- Your instructions:
Nothing below is to be printed except the lines between the line holding "Gift Shoppe - Aspira Spa" and the line holding "ByteTecpeak M3 Ultraleichter", inclusive, each exactly as it appears.

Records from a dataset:
********
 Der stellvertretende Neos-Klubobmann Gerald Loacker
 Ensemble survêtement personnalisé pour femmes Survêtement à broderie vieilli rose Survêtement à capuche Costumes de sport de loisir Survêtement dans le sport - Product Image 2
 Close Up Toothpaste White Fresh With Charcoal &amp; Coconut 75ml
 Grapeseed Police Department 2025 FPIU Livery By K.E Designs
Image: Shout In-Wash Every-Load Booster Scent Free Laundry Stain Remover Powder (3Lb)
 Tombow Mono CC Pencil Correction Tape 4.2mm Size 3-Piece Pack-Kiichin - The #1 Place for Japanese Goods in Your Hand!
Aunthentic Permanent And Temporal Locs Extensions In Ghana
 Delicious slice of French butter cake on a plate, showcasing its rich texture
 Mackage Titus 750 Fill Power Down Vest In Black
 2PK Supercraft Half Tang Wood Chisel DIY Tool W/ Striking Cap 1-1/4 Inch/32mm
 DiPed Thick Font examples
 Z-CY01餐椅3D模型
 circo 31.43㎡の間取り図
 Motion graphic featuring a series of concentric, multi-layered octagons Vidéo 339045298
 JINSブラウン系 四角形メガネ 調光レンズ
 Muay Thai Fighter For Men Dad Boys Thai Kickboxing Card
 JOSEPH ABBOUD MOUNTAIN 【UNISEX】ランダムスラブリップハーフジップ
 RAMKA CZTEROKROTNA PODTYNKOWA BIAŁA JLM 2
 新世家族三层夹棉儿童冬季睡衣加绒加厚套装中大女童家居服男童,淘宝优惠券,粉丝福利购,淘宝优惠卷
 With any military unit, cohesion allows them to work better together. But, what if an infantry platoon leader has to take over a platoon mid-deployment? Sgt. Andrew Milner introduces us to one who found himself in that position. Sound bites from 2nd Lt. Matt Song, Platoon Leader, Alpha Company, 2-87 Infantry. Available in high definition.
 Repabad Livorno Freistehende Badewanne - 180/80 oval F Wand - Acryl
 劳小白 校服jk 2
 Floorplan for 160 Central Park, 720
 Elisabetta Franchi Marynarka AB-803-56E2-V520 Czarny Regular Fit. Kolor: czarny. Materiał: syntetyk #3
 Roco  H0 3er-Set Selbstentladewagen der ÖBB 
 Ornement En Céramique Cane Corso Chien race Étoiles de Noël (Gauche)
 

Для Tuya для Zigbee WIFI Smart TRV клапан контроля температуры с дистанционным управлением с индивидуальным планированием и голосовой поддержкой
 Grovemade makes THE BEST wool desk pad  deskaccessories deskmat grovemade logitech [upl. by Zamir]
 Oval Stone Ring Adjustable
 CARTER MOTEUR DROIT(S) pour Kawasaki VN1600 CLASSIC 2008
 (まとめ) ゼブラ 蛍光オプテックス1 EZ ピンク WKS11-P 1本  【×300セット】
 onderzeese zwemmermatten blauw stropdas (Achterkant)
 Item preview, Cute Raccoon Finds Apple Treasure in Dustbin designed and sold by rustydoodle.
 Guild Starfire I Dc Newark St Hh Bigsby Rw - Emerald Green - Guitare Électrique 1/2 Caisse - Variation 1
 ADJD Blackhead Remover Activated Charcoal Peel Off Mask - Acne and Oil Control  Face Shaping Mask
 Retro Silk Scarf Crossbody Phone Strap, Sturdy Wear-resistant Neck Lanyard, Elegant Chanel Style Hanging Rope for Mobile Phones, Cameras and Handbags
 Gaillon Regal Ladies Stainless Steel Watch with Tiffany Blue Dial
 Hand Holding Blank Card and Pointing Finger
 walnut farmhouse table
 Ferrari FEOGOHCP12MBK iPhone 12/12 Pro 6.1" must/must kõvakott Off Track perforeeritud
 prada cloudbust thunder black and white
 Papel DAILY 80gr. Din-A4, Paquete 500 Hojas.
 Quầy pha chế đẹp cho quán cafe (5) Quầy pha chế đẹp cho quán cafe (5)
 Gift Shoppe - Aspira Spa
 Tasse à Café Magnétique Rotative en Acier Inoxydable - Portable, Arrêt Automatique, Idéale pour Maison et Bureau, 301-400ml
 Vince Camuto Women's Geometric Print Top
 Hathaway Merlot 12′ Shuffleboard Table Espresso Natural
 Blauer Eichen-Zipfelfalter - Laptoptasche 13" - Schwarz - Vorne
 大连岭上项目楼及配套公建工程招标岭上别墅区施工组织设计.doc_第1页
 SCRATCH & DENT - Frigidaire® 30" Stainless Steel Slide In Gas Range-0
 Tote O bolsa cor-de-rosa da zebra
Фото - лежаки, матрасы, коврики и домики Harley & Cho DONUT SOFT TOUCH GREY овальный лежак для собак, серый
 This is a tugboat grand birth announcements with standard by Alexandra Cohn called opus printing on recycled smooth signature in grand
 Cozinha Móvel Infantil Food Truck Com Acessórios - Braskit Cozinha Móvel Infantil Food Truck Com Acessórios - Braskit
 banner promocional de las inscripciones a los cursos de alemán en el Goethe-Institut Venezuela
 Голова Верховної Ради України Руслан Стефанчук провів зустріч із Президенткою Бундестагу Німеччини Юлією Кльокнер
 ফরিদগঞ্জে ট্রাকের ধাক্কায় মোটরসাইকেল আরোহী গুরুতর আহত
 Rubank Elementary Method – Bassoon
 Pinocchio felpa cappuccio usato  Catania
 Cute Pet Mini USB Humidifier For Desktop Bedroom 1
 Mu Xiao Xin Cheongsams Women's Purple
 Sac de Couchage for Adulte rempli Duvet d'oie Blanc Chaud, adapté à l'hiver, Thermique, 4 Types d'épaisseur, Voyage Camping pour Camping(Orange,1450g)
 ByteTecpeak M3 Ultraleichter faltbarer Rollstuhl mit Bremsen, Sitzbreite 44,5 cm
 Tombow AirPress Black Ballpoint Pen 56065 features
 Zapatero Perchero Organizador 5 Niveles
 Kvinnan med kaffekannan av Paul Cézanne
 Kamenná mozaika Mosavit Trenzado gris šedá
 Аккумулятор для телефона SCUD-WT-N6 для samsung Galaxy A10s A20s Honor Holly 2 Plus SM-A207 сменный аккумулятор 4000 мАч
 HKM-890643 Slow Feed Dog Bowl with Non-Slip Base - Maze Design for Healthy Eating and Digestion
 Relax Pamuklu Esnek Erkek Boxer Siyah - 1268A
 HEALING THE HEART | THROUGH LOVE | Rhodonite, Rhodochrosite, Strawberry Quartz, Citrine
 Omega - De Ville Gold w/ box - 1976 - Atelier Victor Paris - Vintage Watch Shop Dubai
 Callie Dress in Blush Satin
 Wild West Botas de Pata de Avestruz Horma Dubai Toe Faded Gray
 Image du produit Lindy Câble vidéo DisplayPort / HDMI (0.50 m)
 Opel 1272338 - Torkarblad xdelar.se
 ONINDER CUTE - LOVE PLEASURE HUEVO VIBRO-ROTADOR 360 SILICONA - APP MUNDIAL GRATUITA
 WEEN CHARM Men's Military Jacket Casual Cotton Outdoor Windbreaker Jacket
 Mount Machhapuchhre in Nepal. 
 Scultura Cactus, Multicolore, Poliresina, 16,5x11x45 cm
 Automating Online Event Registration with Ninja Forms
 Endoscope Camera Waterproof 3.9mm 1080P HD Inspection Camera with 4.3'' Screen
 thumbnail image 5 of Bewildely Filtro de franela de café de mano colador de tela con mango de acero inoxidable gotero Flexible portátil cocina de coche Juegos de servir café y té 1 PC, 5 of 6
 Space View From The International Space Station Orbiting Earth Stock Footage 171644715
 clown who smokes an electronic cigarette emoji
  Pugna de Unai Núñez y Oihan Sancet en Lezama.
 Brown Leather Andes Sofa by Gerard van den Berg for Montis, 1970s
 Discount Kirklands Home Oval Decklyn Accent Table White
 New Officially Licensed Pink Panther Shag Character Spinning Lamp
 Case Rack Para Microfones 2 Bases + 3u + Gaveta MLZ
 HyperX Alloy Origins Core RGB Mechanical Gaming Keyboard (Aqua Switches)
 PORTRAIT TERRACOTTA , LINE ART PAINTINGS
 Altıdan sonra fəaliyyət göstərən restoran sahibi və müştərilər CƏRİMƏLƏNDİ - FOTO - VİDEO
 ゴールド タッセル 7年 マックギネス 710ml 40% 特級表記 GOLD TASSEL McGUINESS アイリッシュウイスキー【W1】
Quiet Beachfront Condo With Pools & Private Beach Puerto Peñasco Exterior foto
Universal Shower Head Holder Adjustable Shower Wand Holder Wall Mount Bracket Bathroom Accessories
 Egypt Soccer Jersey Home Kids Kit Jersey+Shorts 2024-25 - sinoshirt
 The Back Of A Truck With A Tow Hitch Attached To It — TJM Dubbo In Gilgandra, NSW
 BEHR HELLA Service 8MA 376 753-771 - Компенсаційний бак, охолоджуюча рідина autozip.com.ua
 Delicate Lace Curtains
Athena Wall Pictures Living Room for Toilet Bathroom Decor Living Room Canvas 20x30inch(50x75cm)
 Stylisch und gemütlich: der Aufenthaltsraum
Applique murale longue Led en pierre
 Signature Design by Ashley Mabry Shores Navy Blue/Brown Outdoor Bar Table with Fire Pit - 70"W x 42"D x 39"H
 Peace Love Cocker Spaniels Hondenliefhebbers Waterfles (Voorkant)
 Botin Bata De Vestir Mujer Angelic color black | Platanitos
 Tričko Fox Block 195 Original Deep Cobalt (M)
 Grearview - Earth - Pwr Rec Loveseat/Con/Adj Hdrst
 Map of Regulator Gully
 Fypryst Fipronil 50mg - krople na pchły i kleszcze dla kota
********
- Task output:
 Gift Shoppe - Aspira Spa
 Tasse à Café Magnétique Rotative en Acier Inoxydable - Portable, Arrêt Automatique, Idéale pour Maison et Bureau, 301-400ml
 Vince Camuto Women's Geometric Print Top
 Hathaway Merlot 12′ Shuffleboard Table Espresso Natural
 Blauer Eichen-Zipfelfalter - Laptoptasche 13" - Schwarz - Vorne
 大连岭上项目楼及配套公建工程招标岭上别墅区施工组织设计.doc_第1页
 SCRATCH & DENT - Frigidaire® 30" Stainless Steel Slide In Gas Range-0
 Tote O bolsa cor-de-rosa da zebra
Фото - лежаки, матрасы, коврики и домики Harley & Cho DONUT SOFT TOUCH GREY овальный лежак для собак, серый
 This is a tugboat grand birth announcements with standard by Alexandra Cohn called opus printing on recycled smooth signature in grand
 Cozinha Móvel Infantil Food Truck Com Acessórios - Braskit Cozinha Móvel Infantil Food Truck Com Acessórios - Braskit
 banner promocional de las inscripciones a los cursos de alemán en el Goethe-Institut Venezuela
 Голова Верховної Ради України Руслан Стефанчук провів зустріч із Президенткою Бундестагу Німеччини Юлією Кльокнер
 ফরিদগঞ্জে ট্রাকের ধাক্কায় মোটরসাইকেল আরোহী গুরুতর আহত
 Rubank Elementary Method – Bassoon
 Pinocchio felpa cappuccio usato  Catania
 Cute Pet Mini USB Humidifier For Desktop Bedroom 1
 Mu Xiao Xin Cheongsams Women's Purple
 Sac de Couchage for Adulte rempli Duvet d'oie Blanc Chaud, adapté à l'hiver, Thermique, 4 Types d'épaisseur, Voyage Camping pour Camping(Orange,1450g)
 ByteTecpeak M3 Ultraleichter faltbarer Rollstuhl mit Bremsen, Sitzbreite 44,5 cm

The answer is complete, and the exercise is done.